Le défi de la transition énergétique
En tant que producteur majeur d’hydrocarbures (quatrième producteur mondial de gaz et premier exportateur), le Qatar est exposé aux conséquences des politiques de décarbonisation menées dans le cadre de la lutte contre le changement climatique. Le Qatar ne contribue qu’à 0,3% de la totalité des émissions annuelles de CO2, mais ses émissions de gaz à effet de serre (GES) par habitant sont parmi les plus élevées au monde (41 tonnes en 2019, soit plus de six fois la moyenne mondiale).
Par ailleurs, l’augmentation à venir de 60% de la capacité de production gazière et les besoins croissants de la population (par exemple en eau issue d’usines de dessalement qui sont particulièrement énergivores) vont contribuer à la hausse des émissions de GES, qui pourrait atteindre 30% d’ici 2030 selon le FMI.
Face au défi d’une baisse de la demande d’hydrocarbures (même si le rythme demeure incertain), et à terme de la chute de la valeur des actifs liés aux hydrocarbures, le Qatar dispose d’un certain nombre d’atouts et base une grande partie de sa politique sur des solutions technologiques. Le gaz naturel est l’énergie fossile la moins émettrice de GES. Elle est considérée comme une énergie de transition, facilitant le passage des énergies fossiles vers les renouvelables.

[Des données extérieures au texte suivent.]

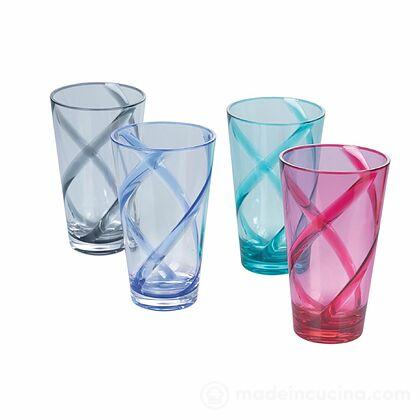 Set 4 bicchieri bibita in plastica Strisce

Comme pour l’ensemble des autres producteurs d’hydrocarbures dans le Golfe, le développement des technologies de capture et de stockage du CO2 devraient permettre de réduire l’empreinte carbone de la production gazière. L’objectif est de réduire de 11 m.t. par an les émissions de CO2 d’ici à 2035 (les émissions totales émises par l’usage des énergies fossiles et l’industrie étaient de 107 m.t. en 2020). Cela réduirait l’intensité en carbone des installations de LNG de 35% environ. Enfin, la réduction du volume de gaz torché au cours de la production devrait aussi contribuer à cet objectif. Concernant le mix énergétique primaire, le développement de capacités solaires pourrait permettre de produire 20% de l’électricité du pays grâce aux énergies renouvelables dont la contribution au mix énergétique est actuellement marginale.